ARCHAEOACOUSTICS: SPACES and SOUND in the ANCIENT WORLD
Bringing a new dimension to what we know about our past
Island of Malta 11-14 November 2010
The field is an application of the sense of hearing to the science of archaeology. We are particularly interested in the role acoustic behavior may have had in the development and design of important architecture and ritual spaces throughout the ancient western world. Preliminary studies have shown that manmade prehistoric chambers still resonate at a sound wave frequency which appears to shift brain activity in the prefrontal cortex; just as the rooms would have done when they were created. This shifting is thought to emphasize a part of the brain that deals with creativity, mood and emotional processing.

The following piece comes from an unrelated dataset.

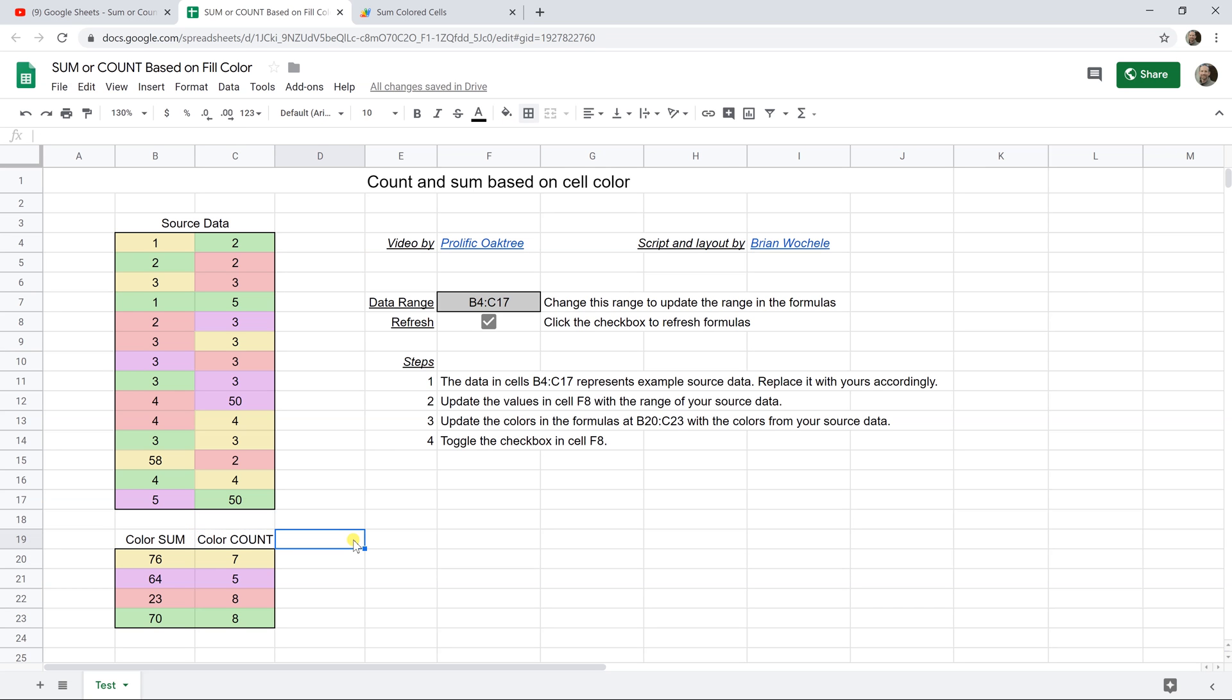So in our next video, we're going to talk about how to make an interactive checklist in Google Sheets. When you check something off, it puts a strikethrough through your to-do's. Thanks for watchin'.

What effect could this have had on the people who used such spaces? Was the phenomenon deliberately manipulated? What practices seem to reflect an early human desire to “tune in”? Why? How can we apply this information today?
Maybe the Oracle at Delphi was onto something!
The intent of this conference is to provide a forum for expanding previous conceptions and introducing new methodologies exploring the importance of sound in the ancient world, with focused expertise from a variety of backgrounds:
- Art History
Submission of abstracts and proposals for posters/demos will be open until 15 April. Announcements will be made by 30 April. Registration will open 01 May.